Startseite Insights Blog Employer branding: How to avoid damage to your reputation

Employer branding: How to avoid damage to your reputation

Reputation protection on the labor market

Do you ever like to reach for the cudgel? Today, lawyers promise to take care of a company’s reputation. Negative ratings on the web, bad press about working conditions or executives are to be removed from the perception.

Kathrin Hansen
05. June 2022
Employer Branding

Once the reputation is ruined...

Unpleasant impressions of companies and leadership should disappear from the public eye. Quickly and discreetly. Especially when it comes to potential applicants, who are supposed to form an objective picture of the employer and consult Kununu & Co. for this purpose. Former employees and colleagues then quickly become “perpetrators”. Site operators, Internet search engines and rating portals are declared to be opponents; they threaten to issue cease-and-desist orders and file lawsuits. The result is hardened fronts – and an image of many companies that show little greatness. Effective reputation protection in the labor market starts earlier.

Where reputation protection must start

Active communications work is needed to counteract a loss of image. No empty personnel marketing.
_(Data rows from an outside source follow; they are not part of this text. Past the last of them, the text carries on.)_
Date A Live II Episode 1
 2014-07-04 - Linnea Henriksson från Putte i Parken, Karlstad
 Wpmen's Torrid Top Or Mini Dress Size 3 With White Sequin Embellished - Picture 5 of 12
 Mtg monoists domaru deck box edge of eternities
A credible positioning as a respectful employer must first be made visible internally. This works best as part of an internal employer branding process in which employees are continuously involved across hierarchical levels. Works councils, too. Successful medium-sized companies see their own culture as an identification offer that is filled with life through dialog, information and participation. There are many suitable instruments depending on the size and structure of the company. Conflicts and terminations are thus given a good framework.

Why the effort?

Sounds like work, but it is. Anyone who subsequently sues for omission has simply slept through all of this. The discussions about new flexible forms of employment, social business models or “Work 4.0” show that the active examination of one’s own work culture is increasingly becoming a yardstick. Corporate crises are always also employer crises, and in the future they will require close networking with HR communications more than ever before. Social networks are an opportunity, not a risk.

In any case, communicative lethargy is a serious sign of impending reputational damage on the labor market.